As the quote for today indicates, no one could have told the twins' story any better than they did themselves. I hope that someday they write their story for future generations, especially for any twins nieces and nephews might have. The highlights they gave yesterday made me think that they would have many wonderful incidents to put into a full written story.
You don't have to be a twin to tell or write your story. Telling is fine but writing will allow it to be shared by many over the years. My childhood of the 1940's and '50's was completely different than that of my four grandchildren growing up in the 21st century. I want them to know what life was like when their grandfather and I were kids.
The thrill we got with our first television set, one with a teeny tiny round screen set in a big console is something they would most likely laugh about, But maybe it would help them appreciate their own 48 inch flat screen TV a bit more.
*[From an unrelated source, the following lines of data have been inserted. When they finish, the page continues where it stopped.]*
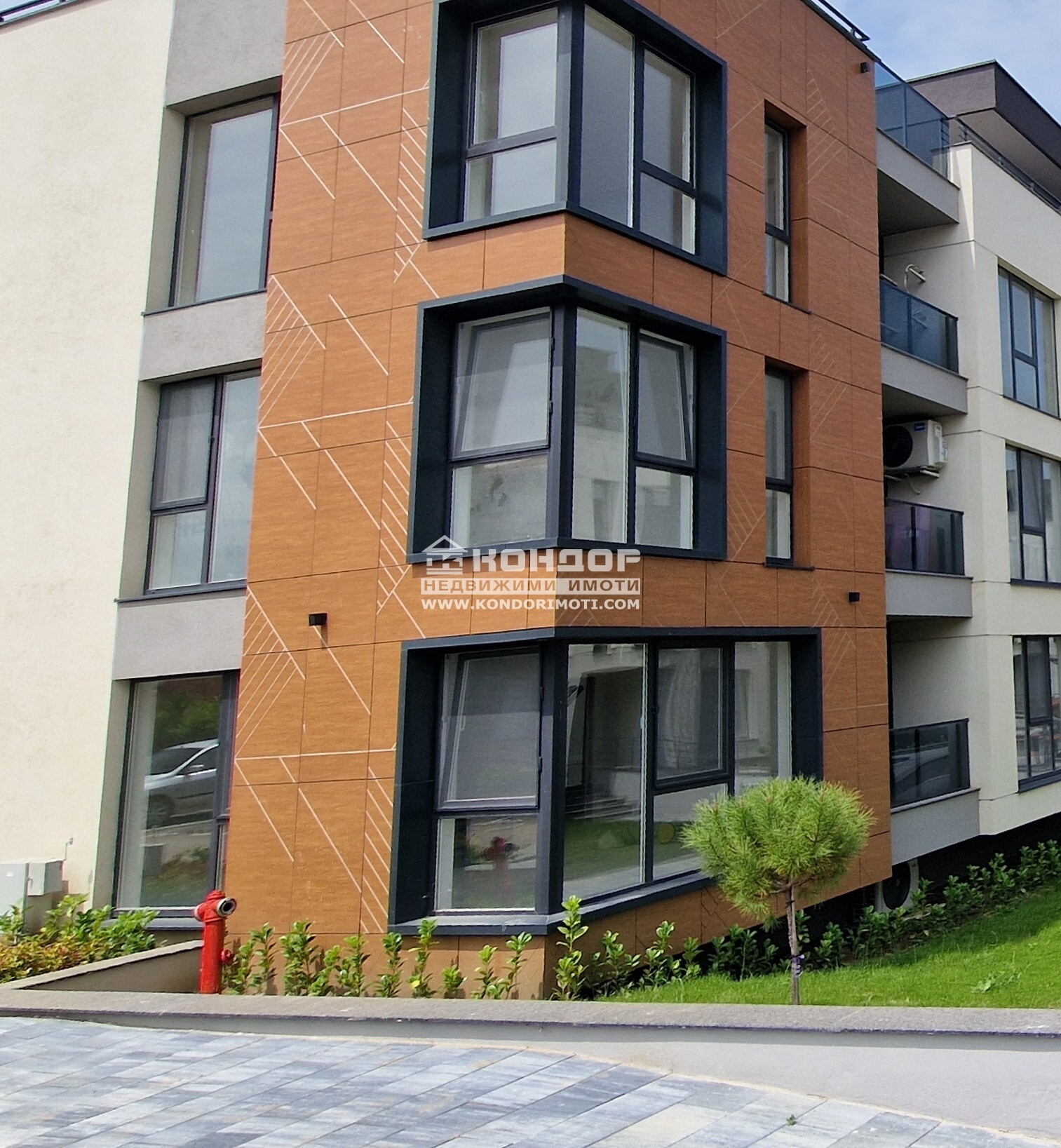 Продава 2-СТАЕН, гр. Пловдив, Кършияка, снимка 2 - Апартаменти - 49955871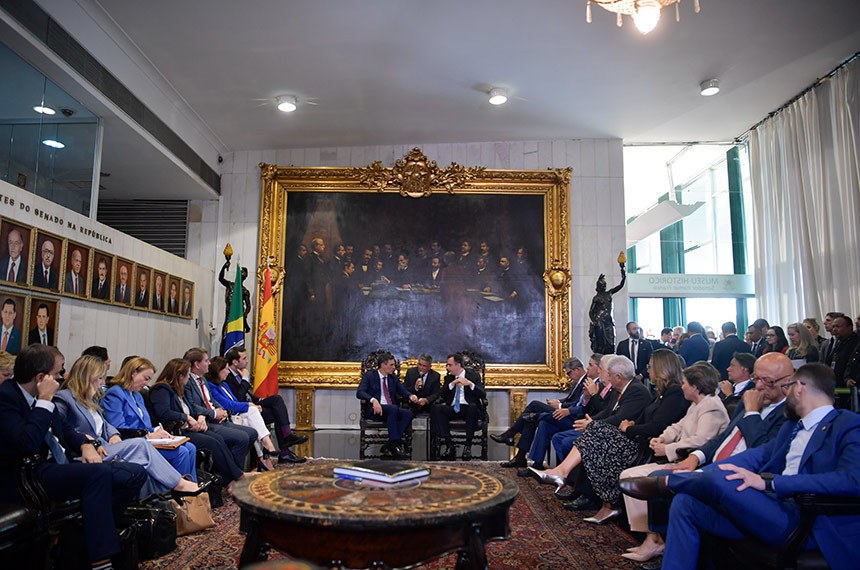 Participam:
presidente do Governo da Espanha, Pedro Sánchez;
tradutor;
presidente do Senado Federal, senador Rodrigo Pacheco (PSD-MG);
senador Rogério Carvalho (PT-SE);
senador Efraim Filho (União-PB);
senador Jaques Wagner (PT-BA);
senador Astronauta Marcos Pontes (PL-SP);
senadora Leila Barros (PDT-DF);
senadora Tereza Cristina (PP-MS);
senador Esperidião Amin (PP-SC);
senador Jorge Seif (PL-SC);
senador Randolfe Rodrigues (sem partido-AP);
senadora Teresa Leitão (PT-PE).
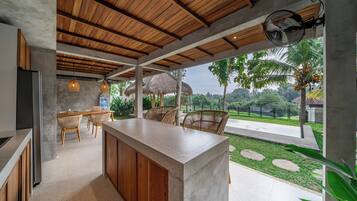 Frigorífico, placa de cocina, hervidor eléctrico y utensilios de cocina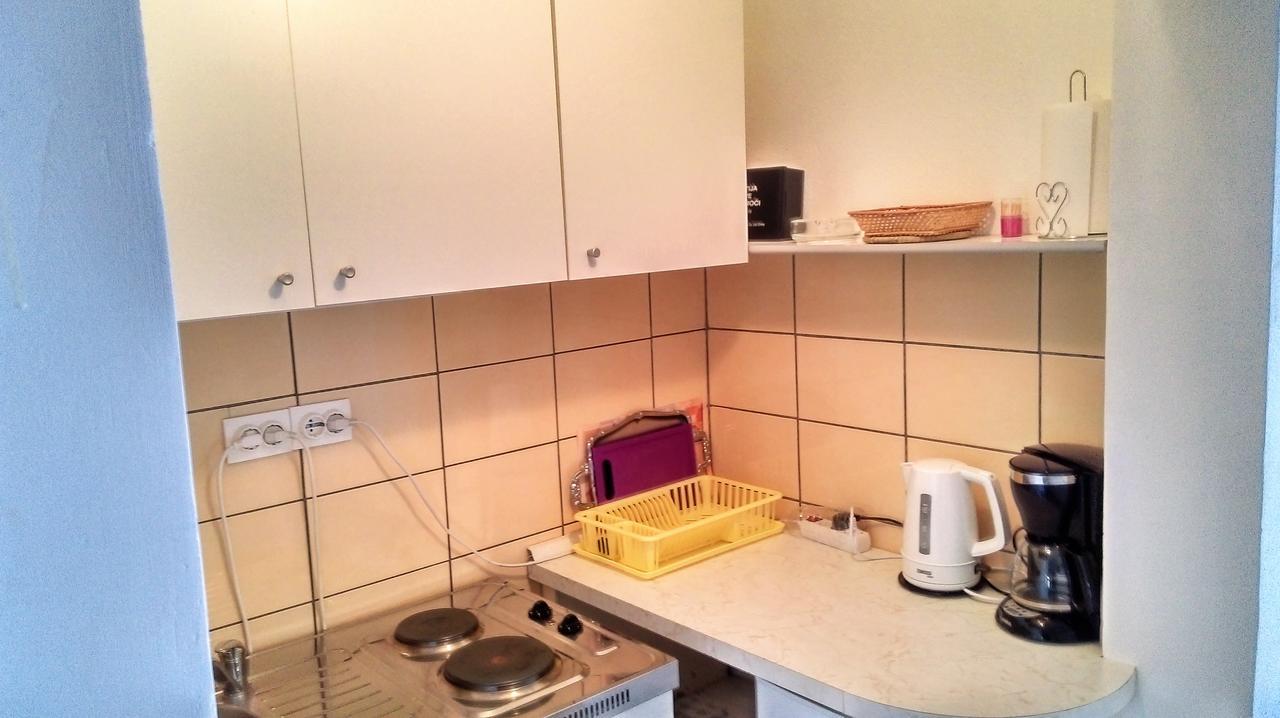 Apartment Vesna Milna  Ngoại thất bức ảnh
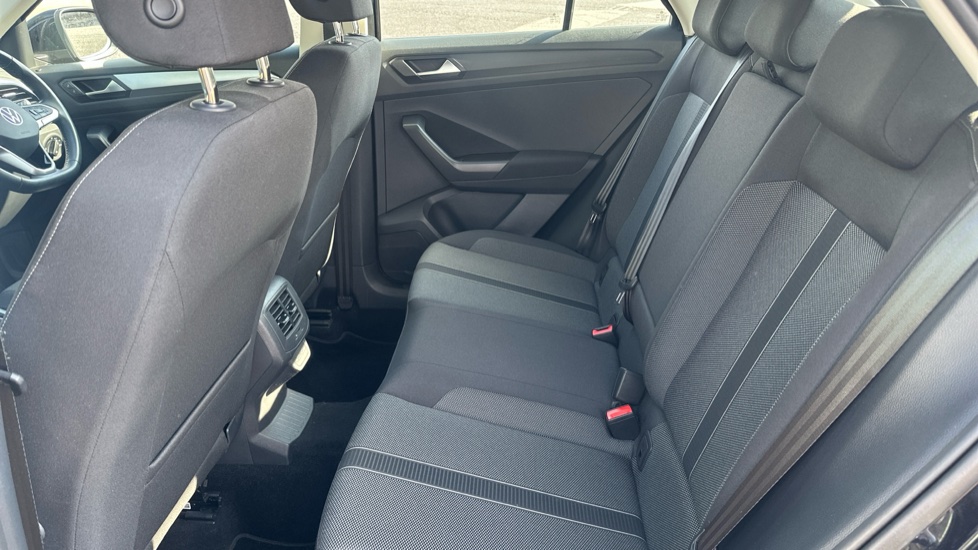 Volkswagen T-Roc 1.0 TSI Life 5dr Petrol Hatchback - Image 16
Our grandchildren all live in houses but I grew up in a large apartment building. With over 60 apartments, we had our own little city. Our play place was concrete, not the grass they know. The minuscule freezer in our small fridge held one tray of ice cubes and a pint of ice cream. Theirs? Well, you know how today's freezers hold.
When my grandchildren go shopping with their mothers, they get in the car and speed off to the mall. My mother and I used public transportation--bus or elevated train--to get where we needed to shop.
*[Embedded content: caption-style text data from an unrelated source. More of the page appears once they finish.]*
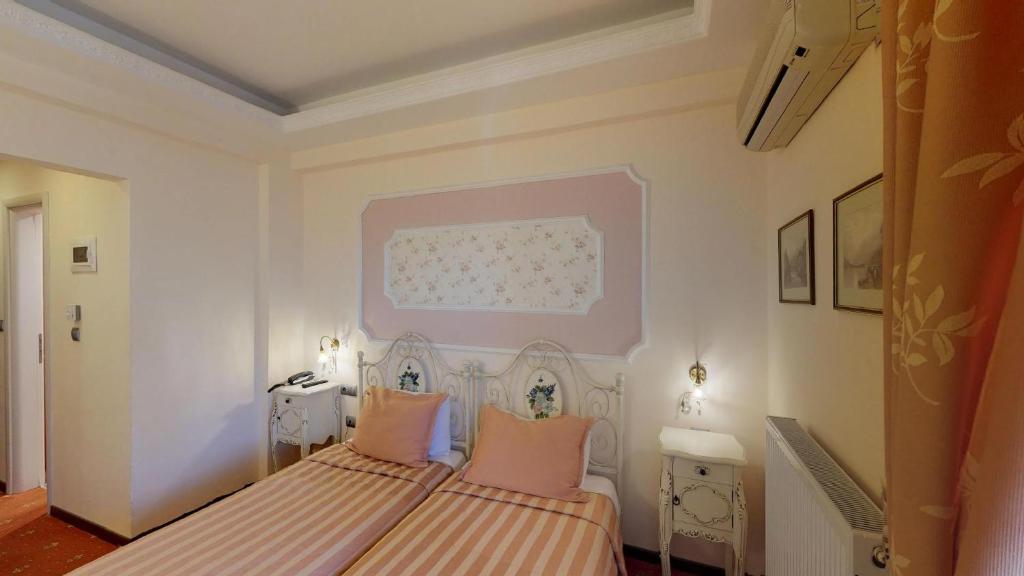 Postel nebo postele na pokoji v ubytování Hotel Mirto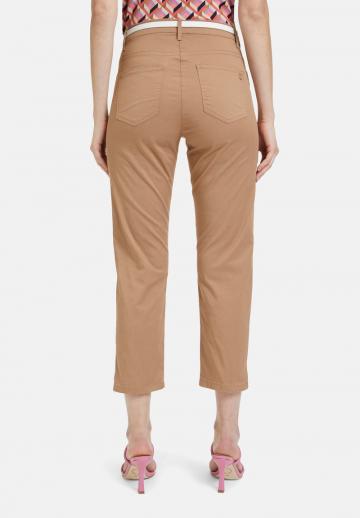 Короткие джинсы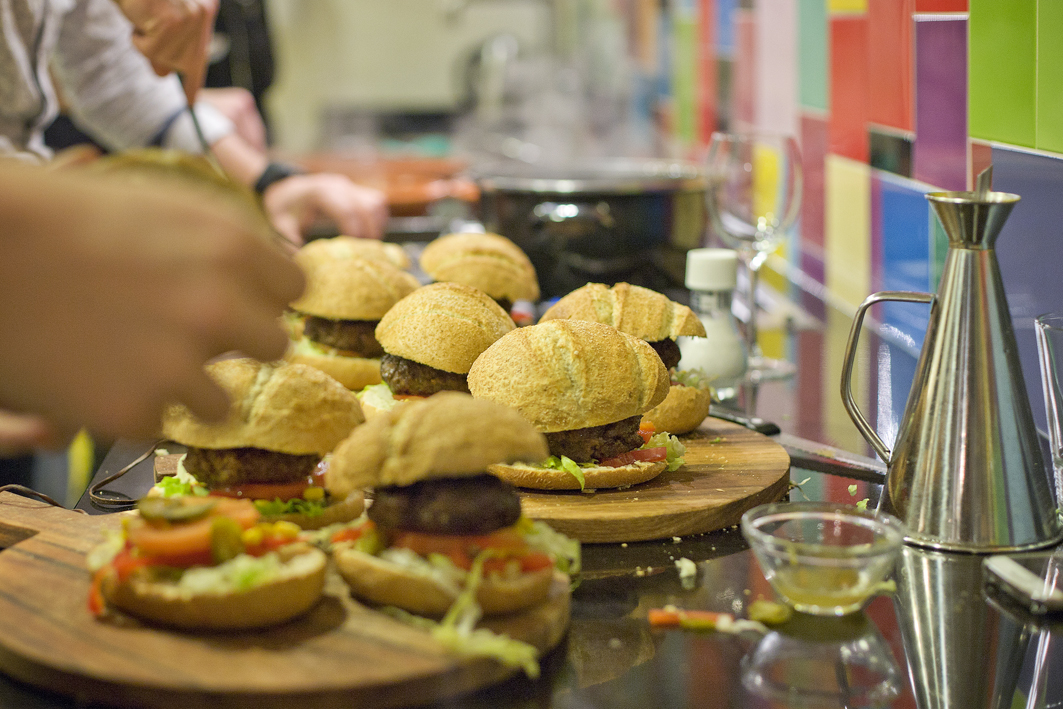 Mexicaanse hamburger De Kookstudio van Zwolle Mexicaanse hamburger De Kookstudio van Zwolle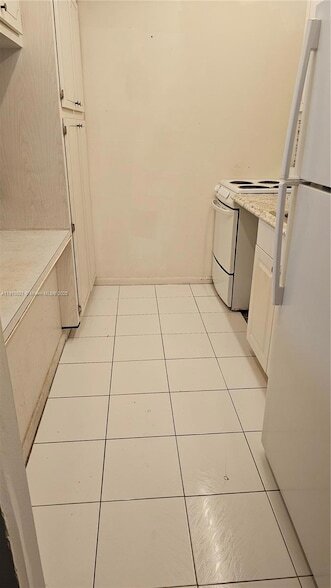 Building Photo - 2200 E Hallandale Beach Blvd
I have written multiple stories about me and my family that I send to my children and grandchildren. I write the stories for them and for whatever children might come later. I could tell them the stories but if I write them, they are preserved forever. I do tell them the stories sometimes but I make sure they are also written.
Don't make it a I should do that sometime thing. If you haven't started already, set a goal to write one a month. You might enjoy it so much that you'll soon aim for one a week. Even if your grandchildren, or your own children, are still infants, write those stories now and you'll have them ready when they are older. When something triggers a memory, jot down a few notes so you can write the story later.
Write your own story but include your family members--parents, grandparents, siblings, aunts, uncles, cousins. They're all a part of your very own story. You don't have to be a professional or published author to write stories about your life. Anyone can do it.
The Our Echo website has a motto at the top that I've always liked. It says Everyone has a story. What's yours? This website for people to post their stories is not as active as it was when it had a strong leader but you can still read lots of good stories by people who are writers and people who are everyday folk wanting to preserve their family stories.